After a 50-Year Hiatus, the Shelby Daytona Is Back
Everyone knows the Shelby Cobra, the ’60s-era supercar with a snarling Ford V8 stuffed under its British bonnet; able to vanquish period Ferraris and inspiring thousands of replica cars. But at the top of the Cobra pyramid are the Daytona Coupes, six legendary cars that dominated international racing in 1964-’65, then seemingly disappeared from public view. While even the most tired Cobras can now fetch over $1 million, the Daytonas have become the unquestioned holy grail of American performance. Daytonas rarely go up for sale, but when the last one sold at auction in 2009, it fetched $7.25 million.

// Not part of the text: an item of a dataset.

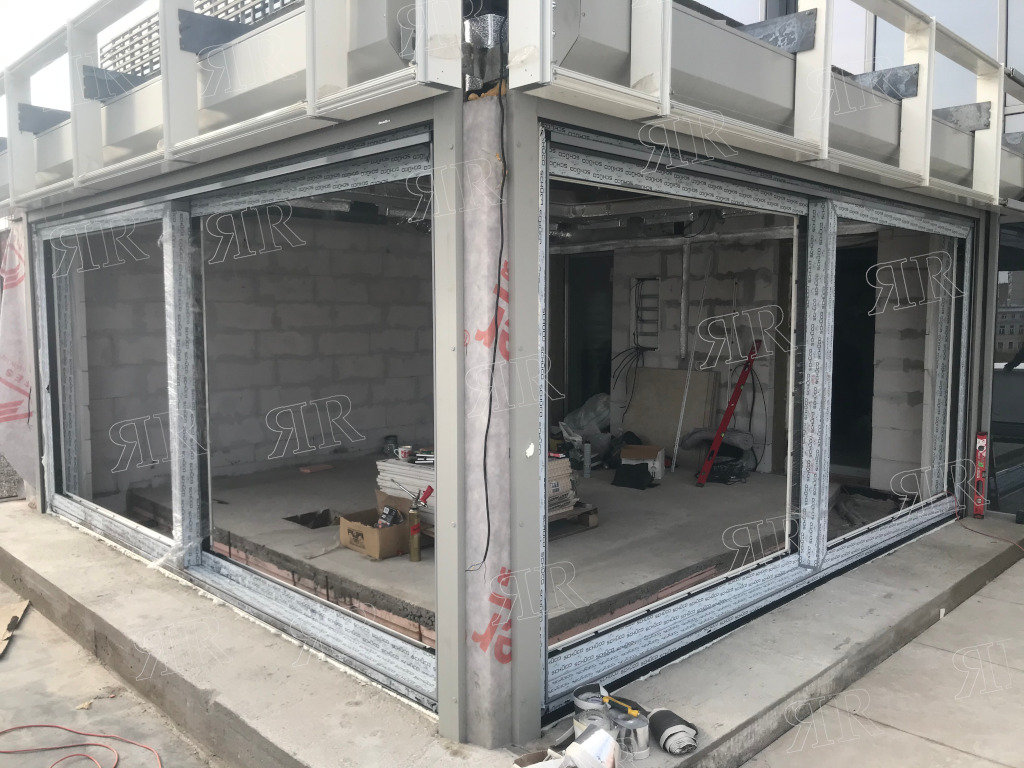 панорамные раздвижные окна SCHUCO ASE 80.HI на крыше дома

And with good cause. While the Cobra was beautiful in its simplicity, the Daytona is nothing short of a masterpiece. It was designed with one thing in mind: to beat the dominant Ferrari 250 GTO in the FIA’s GT class. While aerodynamics limited the hottest “base” Cobra to around 165 miles per hour, the Daytona, with its slippery aluminum body and distinctive kamm tail could reach 191 miles per hour, an astonishing figure for the era. Not only did it vanquish the mighty GTO, it became one of the first American cars to have success in international competition. It won its class at Le Mans in ’64, Sebring in ’64 and ’65, and a host of other victories at places like Daytona, Monza, and the Nürburgring. Before the end of 1965, it had also set 25 land speed records at the Bonneville Salt Flats. And while Ferrari built nearly 40 GTOs, Shelby’s six cars make its former rival from Modena seem about as common as a used Honda Civic.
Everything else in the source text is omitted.